*** Opening The input ***

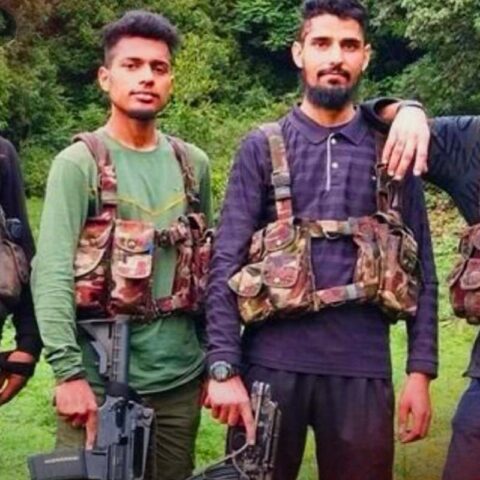 One of the Kashmir shooters was a former paratrooper of the Pakistan Army's Special Services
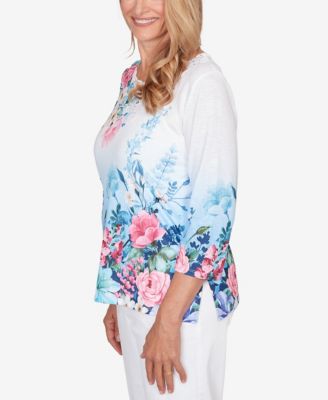 Petite Classic Ombre Border Floral Lace Top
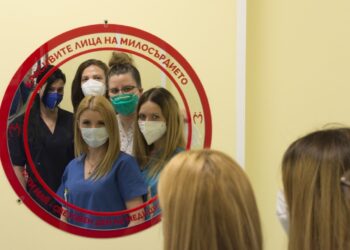 Арт огледала в УМБАЛ „Медика“ показват красивите лица на милосърдието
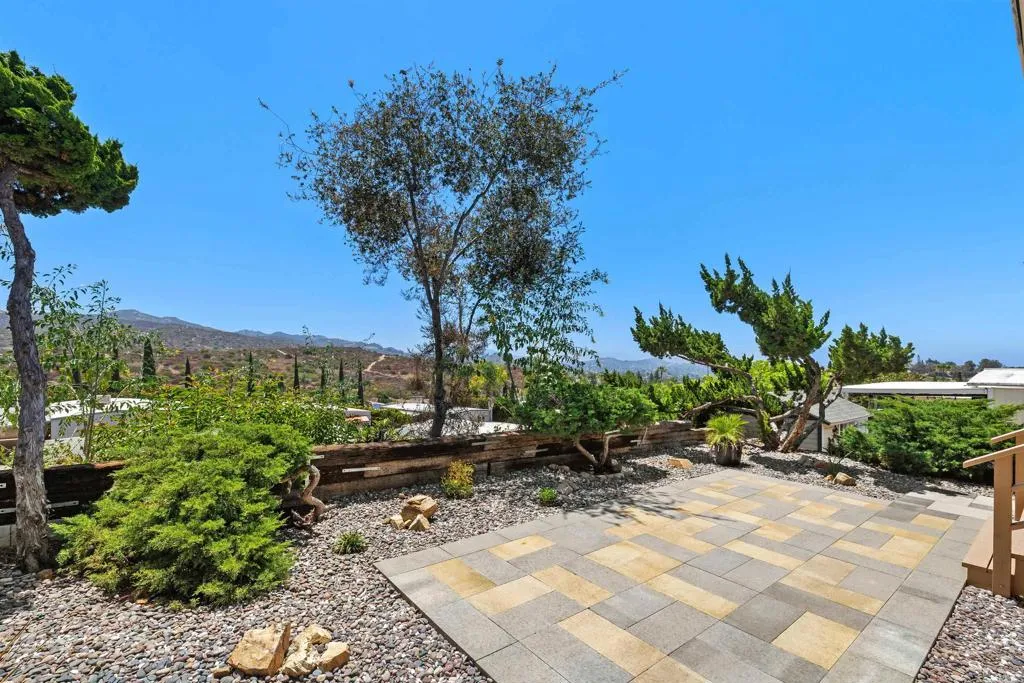 https://cdn.realtyfeed.com/cdn/127/306767965/7da7c11981874dc421b678abbae24183.webp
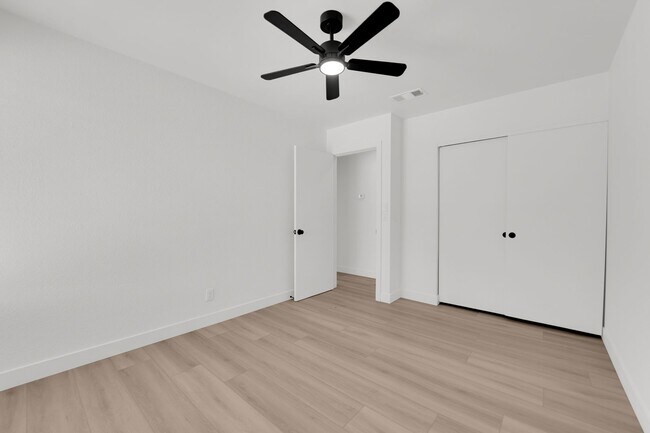Building Photo - 3100 Chadford Pl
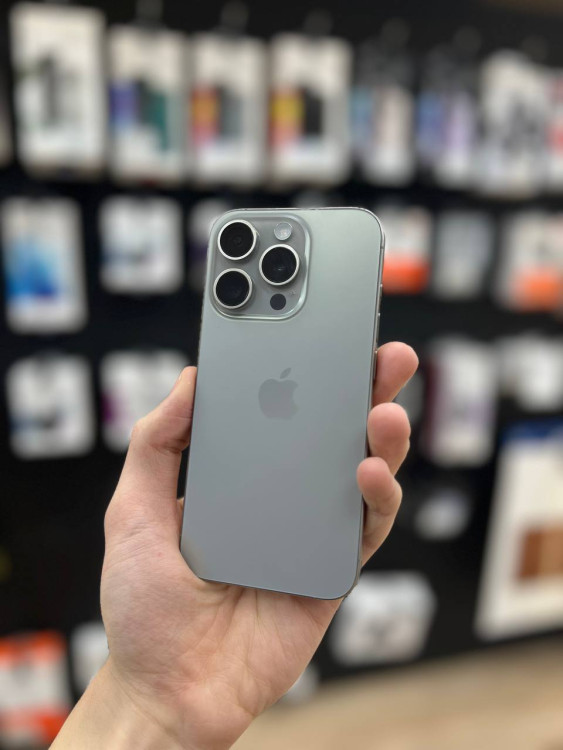 Б/У Смартфон Apple iPhone 15 Pro 256GB Титан (Natural Titanium) nano SIM + eSIM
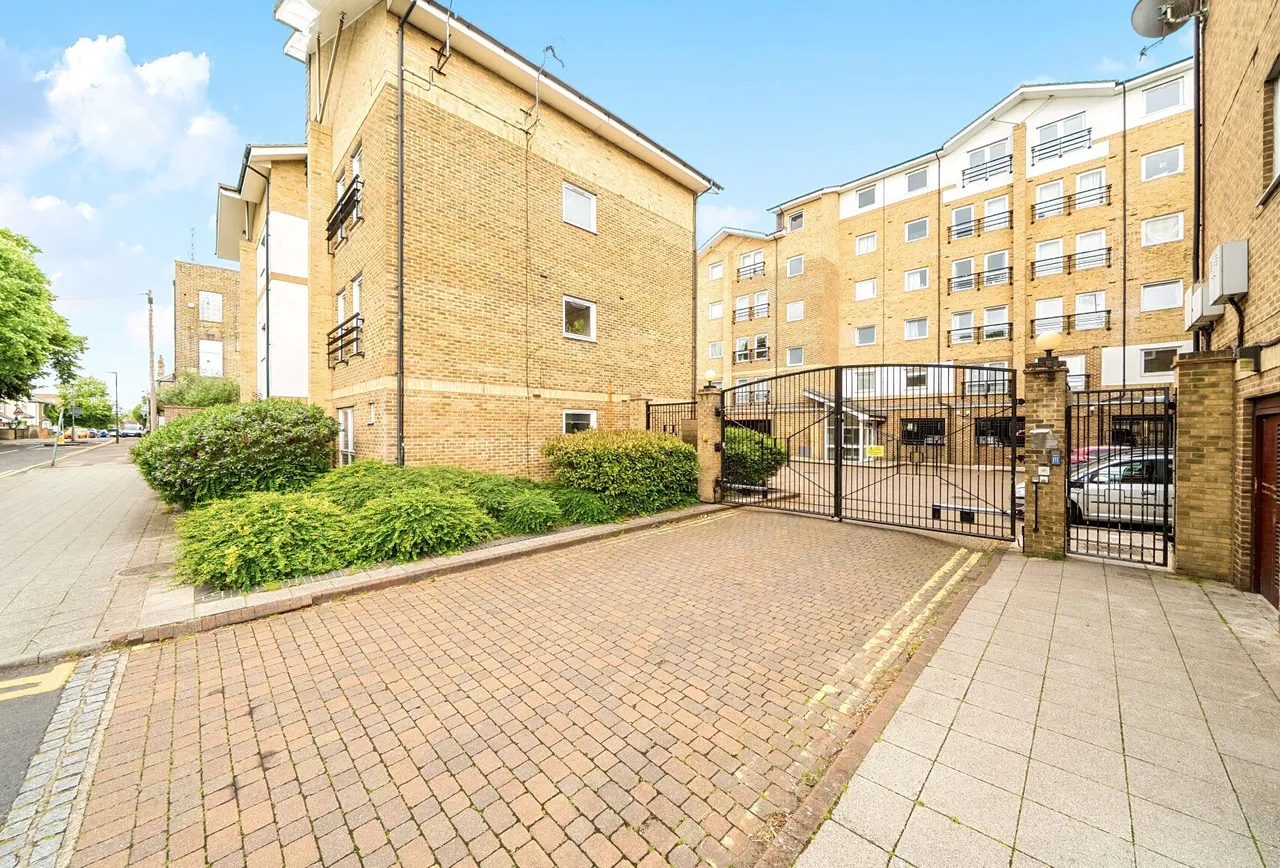 Chatham House, Surrey, 10 Melbourne Road, SM6 8SB, photo 11
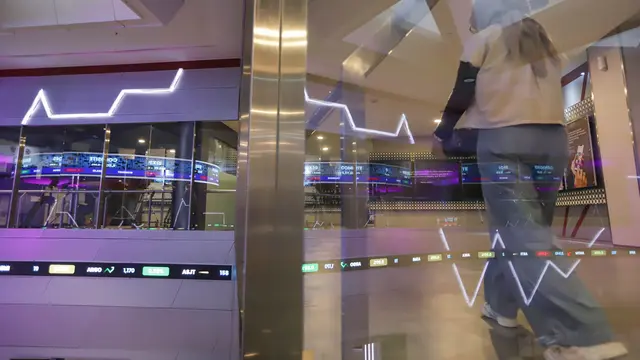 IHSG Ditutup Melemah Menjelang Keputusan Suku Bunga The Fed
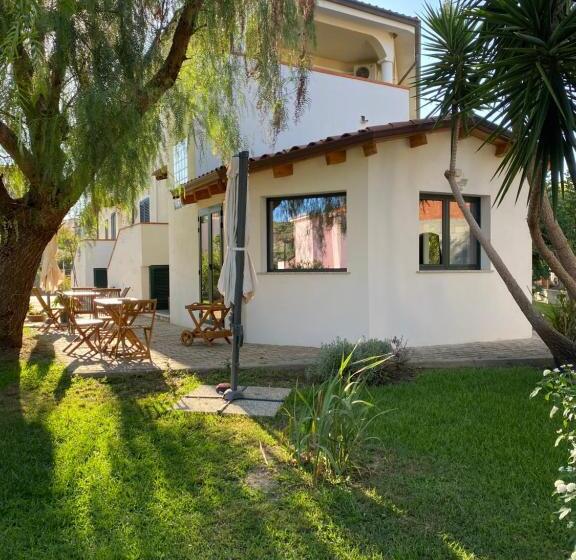 חדר קומפורט לשלושה, Il Pepe Rosa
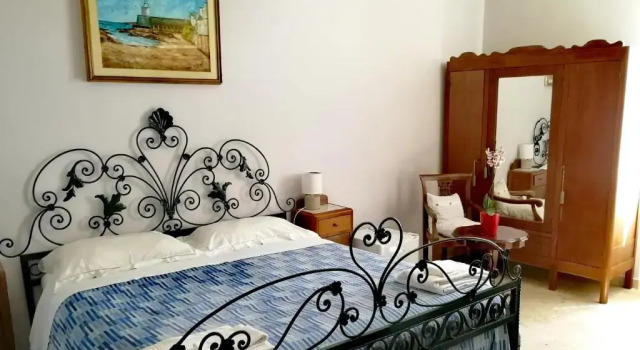 Двухместный номер Standard с видом на море B&B Faro Bianco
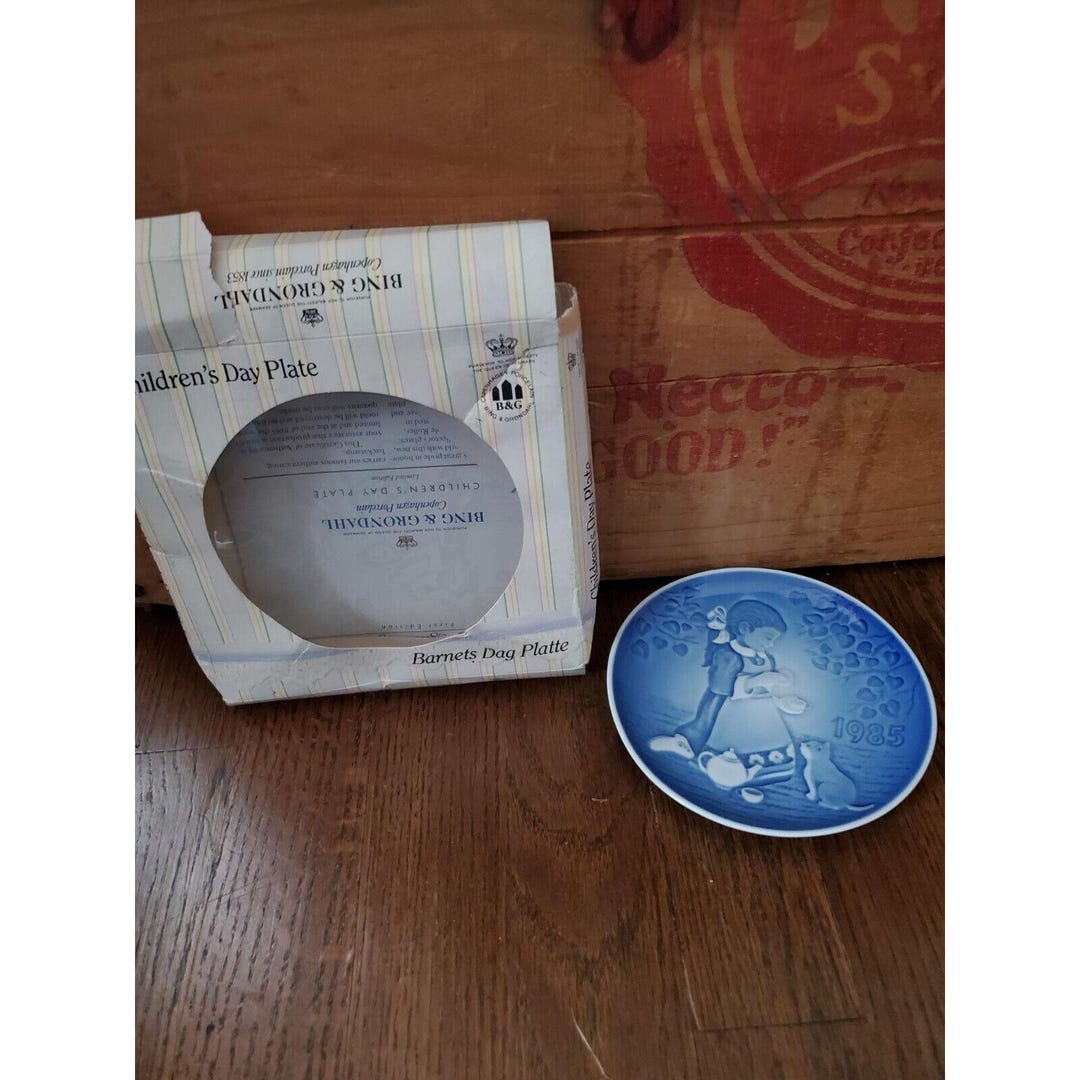 アンティーク雑貨 Bing & Grondahl 1985 Children's DayPlate Bing & Grondahl 1985 Barnets Dag, Children's Day Plate, 1st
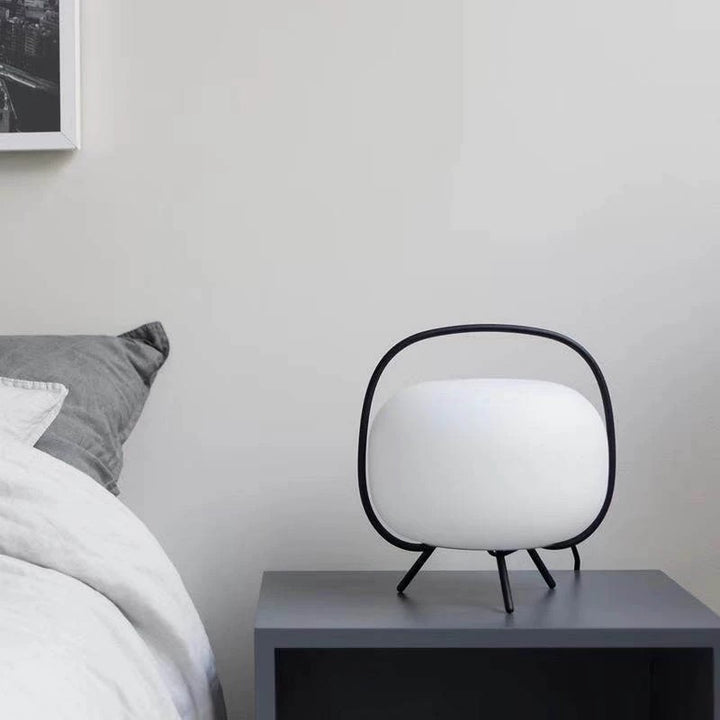 Moderne Minimalistische Tischlampe mit elegantem geschwungenem Design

*** Closing The input ***

* _Aim of the task_
Begin at the line that contains "Chatham House, Surrey, 10" and transcribe exactly, and only, each line through the final line of the data above, both included; the pictures do not go in.

* _Answer to this problem_
 Chatham House, Surrey, 10 Melbourne Road, SM6 8SB, photo 11
 IHSG Ditutup Melemah Menjelang Keputusan Suku Bunga The Fed
 חדר קומפורט לשלושה, Il Pepe Rosa
 Двухместный номер Standard с видом на море B&B Faro Bianco
 アンティーク雑貨 Bing & Grondahl 1985 Children's DayPlate Bing & Grondahl 1985 Barnets Dag, Children's Day Plate, 1st
 Moderne Minimalistische Tischlampe mit elegantem geschwungenem Design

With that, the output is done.